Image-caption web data

━━━━━━━━━━━━━━━━━━━━

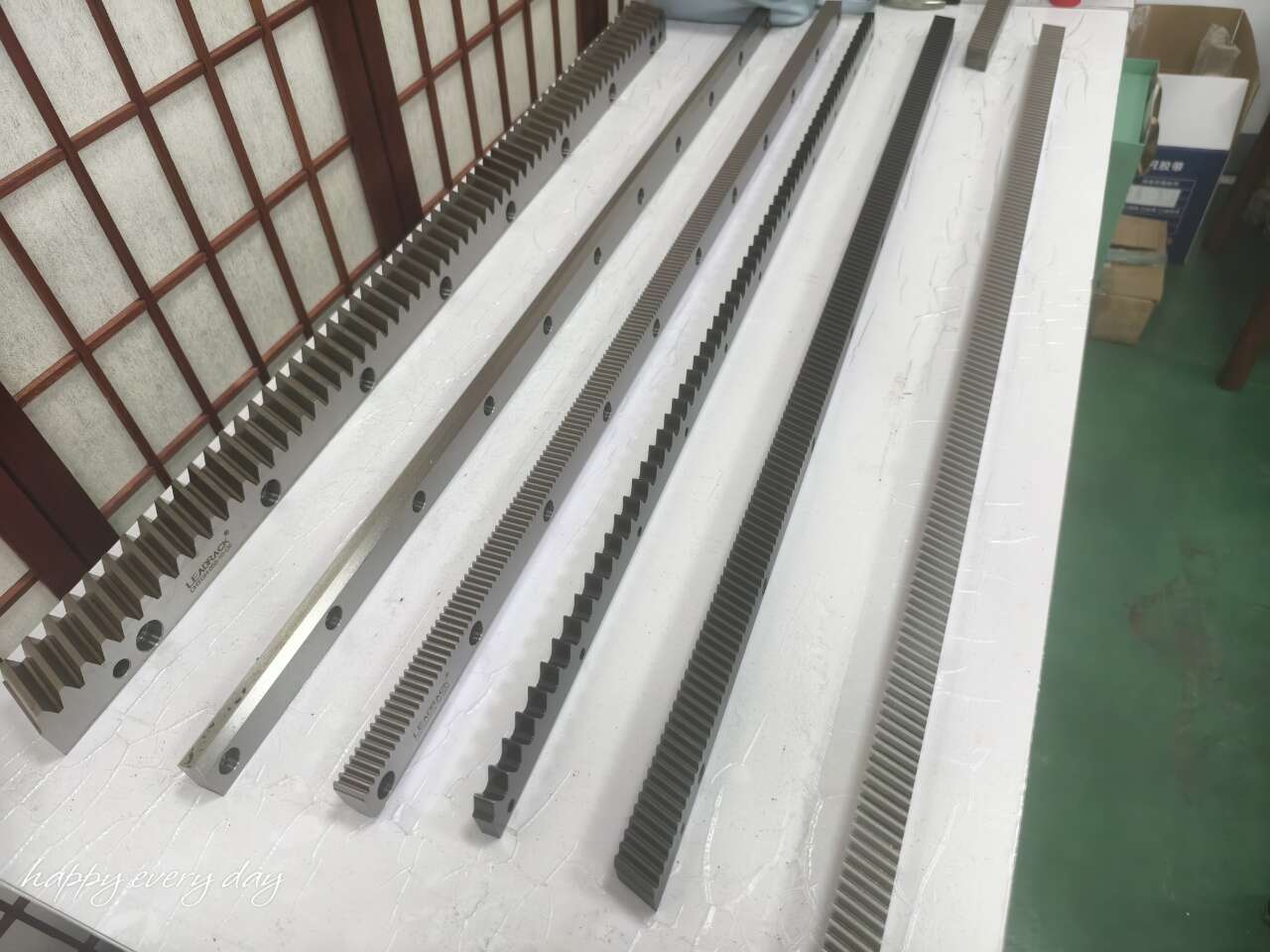 High Precision Long Travels Grinding Precision Milling Spur Helical Cnc Gate Linear Plastic Steering Rack and Pinion Gear Rack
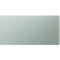 Tableau en verre Legamaster RC, avec 2 aimants &amp; 1 marqueur pour tableau en verre, L 1000 x P 4,4 x H 2000 mm, verre de sécurité trempé, mat, sage green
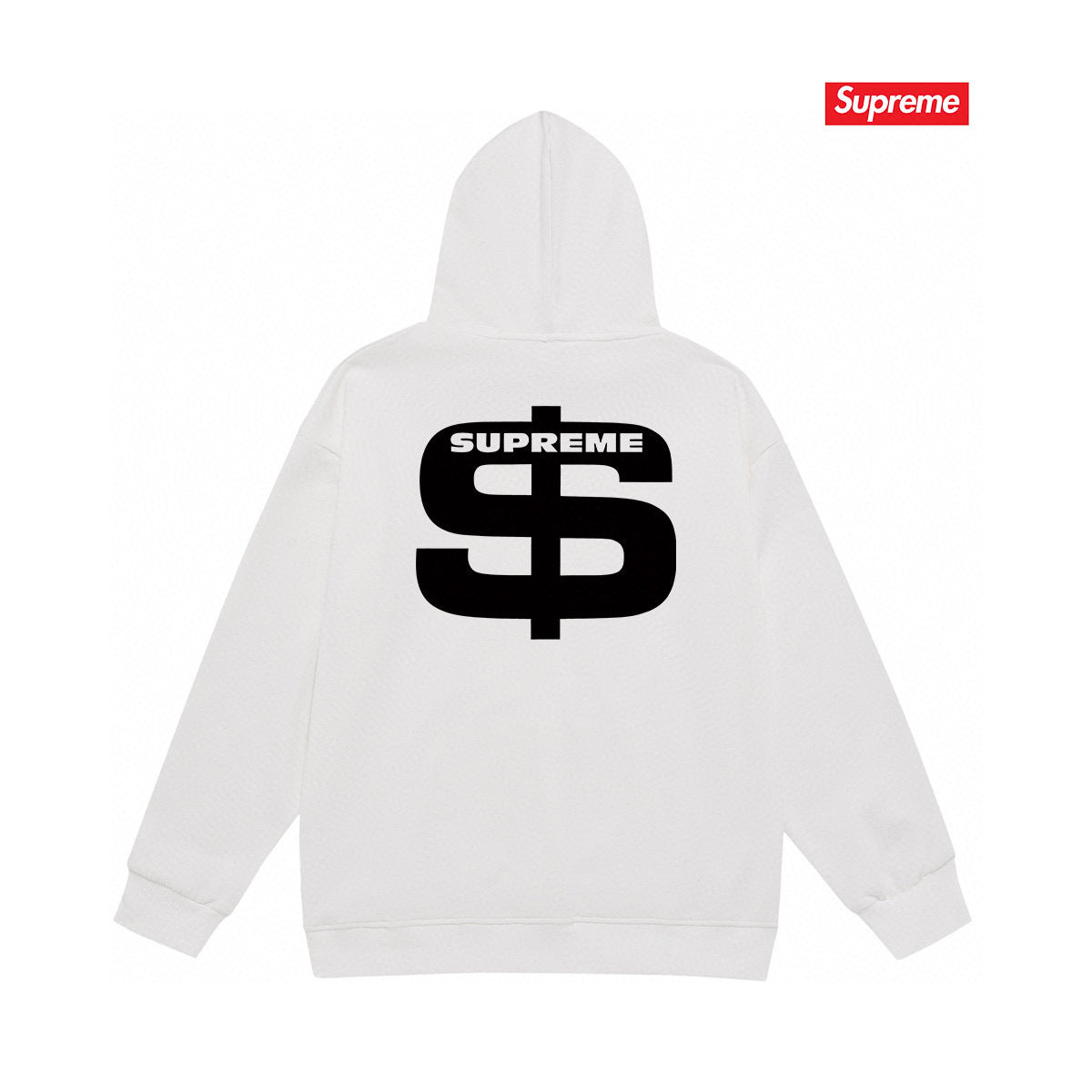Supreme Unisex Casual Hoodie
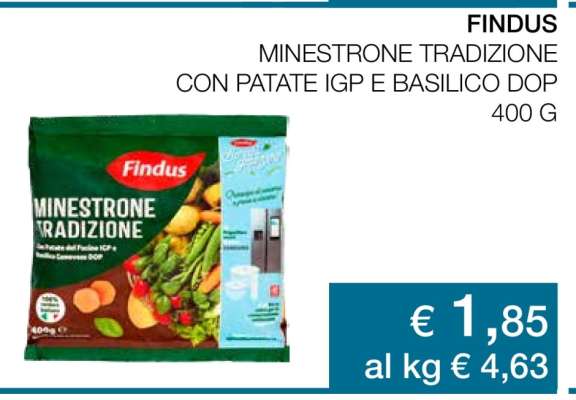 FINDUS MINESTRONE TRADIZIONE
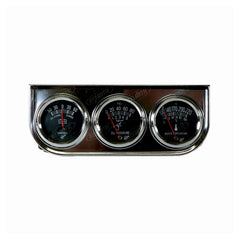 3 Gauge Set Chrome Universal Products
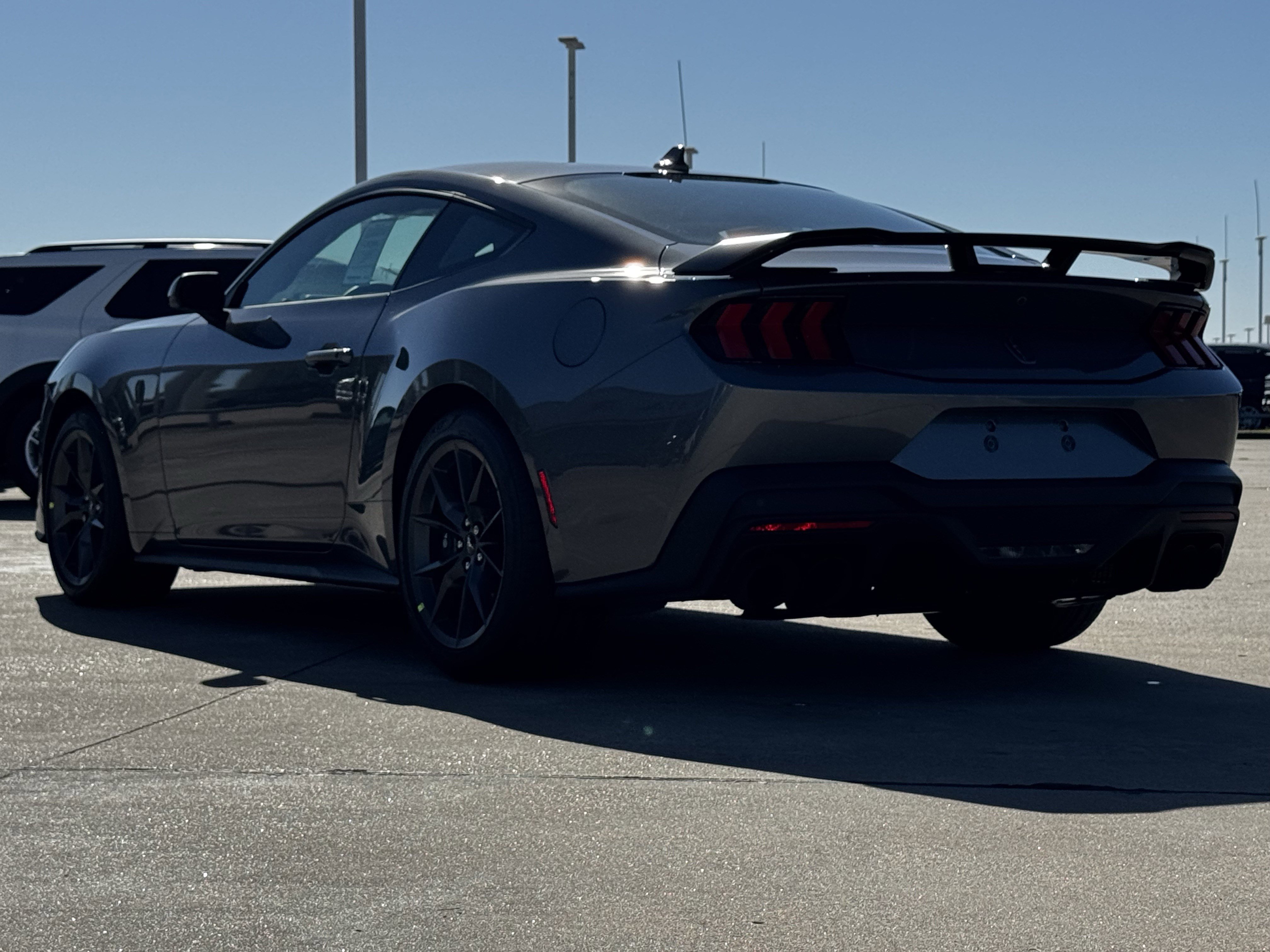 New 2026 Ford Mustang Dark Horse image 9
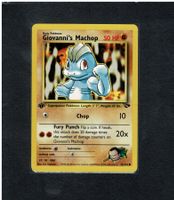 Giovanni's Machop - 1st Gym Challenge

━━━━━━━━━━━━━━━━━━━━

EXERCISE PROMPT » Once the pictures are set aside, what is needed is the lines from the line with "3 Gauge Set Chrome Universal Products" through the end of the data, written out exactly and alone.

RESPONSE AREA »
 3 Gauge Set Chrome Universal Products
 New 2026 Ford Mustang Dark Horse image 9
 Giovanni's Machop - 1st Gym Challenge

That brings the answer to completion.